Deegan's father, Brian, believes technical skill is what counts most of all - and suggests his daughter has an advantage in that regard.
"I've thought about this a lot. Why haven't many female drivers made it into Nascar?" he said in 2019, speaking to Fox News.
"Danica [Patrick] came from IndyCar, a different path. I feel that one thing she lacked in the tool box was dirt experience, being able to drive a car sideways loose comfortably. That's just my opinion.
"I feel like Hailie has that in her toolbox. She comes from a dirt background and I think that's what it's going to take for a female to come to Nascar and be competitive."
Whatever success Deegan does achieve will be enjoyed on her terms, with plenty of energy and personality.
In 2020, she now competes full-time in the ARCA Menards Series, three levels below the top Nascar Cup Series. Her focus is on winning at every level and ultimately reaching the pinnacle of the sport. A tough ask for any driver.

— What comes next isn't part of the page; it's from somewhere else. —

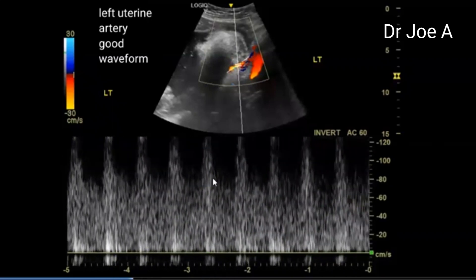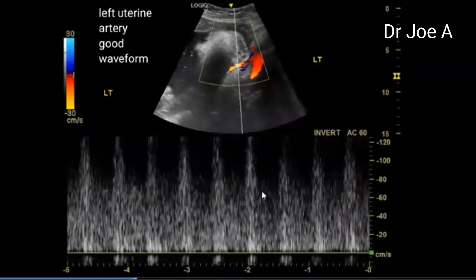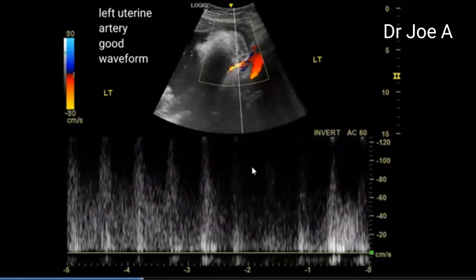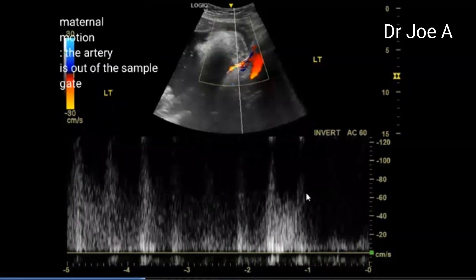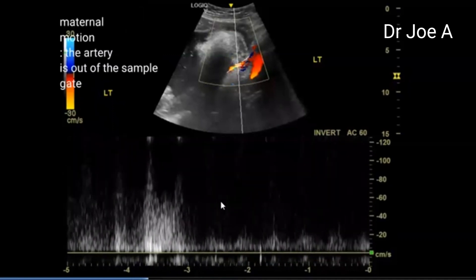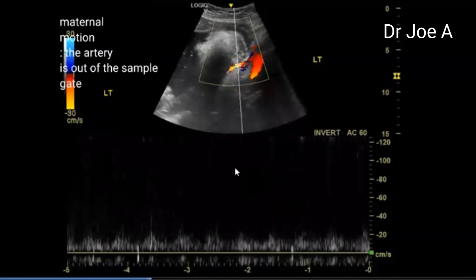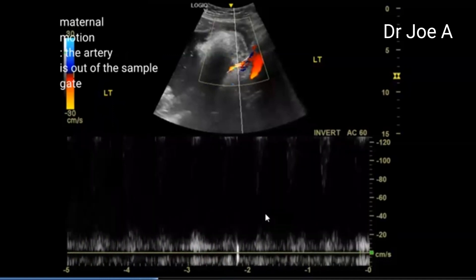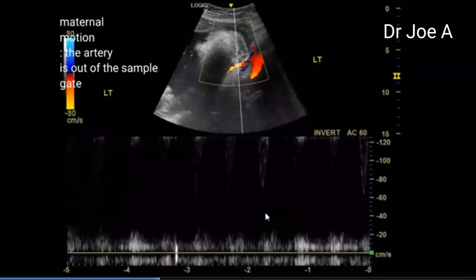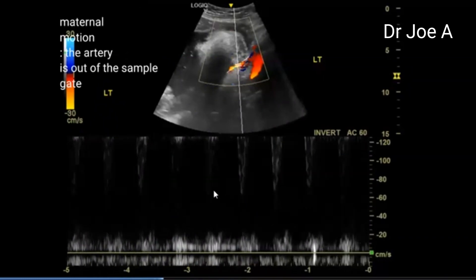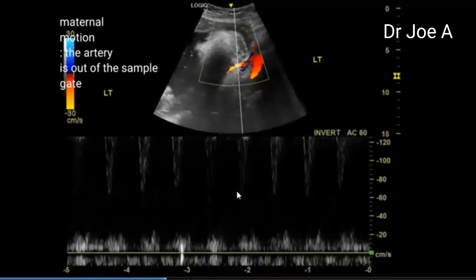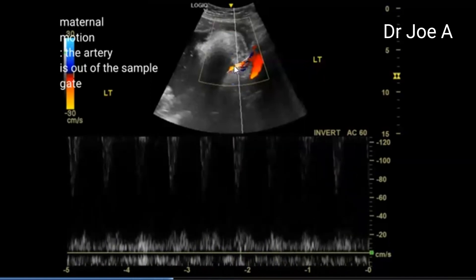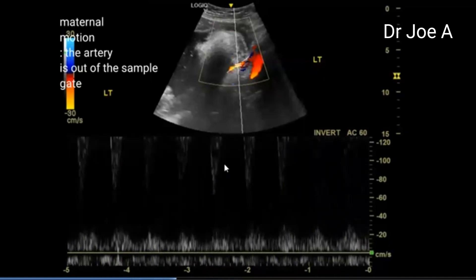As we continue, the waveform is good with a lot of diastolic flow and good systolic flow. The uterine artery has now slipped because of transducer movement — the mother kept fidgeting a little bit, feeling uneasy and not too comfortable in position. So we just wait for the correct position of the sample gate over the uterine artery.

"I'm just trying to be one of those people to beat," she says.
"I really don't know what else I would do without racing in my life. It's always been my goal from day one to race for a living.
"Now that we're here, I have a set plan of where I want to be and in how many years. Now it's the little steps."
Since this interview took place, Deegan has attracted criticism for comments made in audio shared on social media in which she appears to describe the Covid-19 pandemic as a "hoax". BBC Sport has contacted Deegan for comment.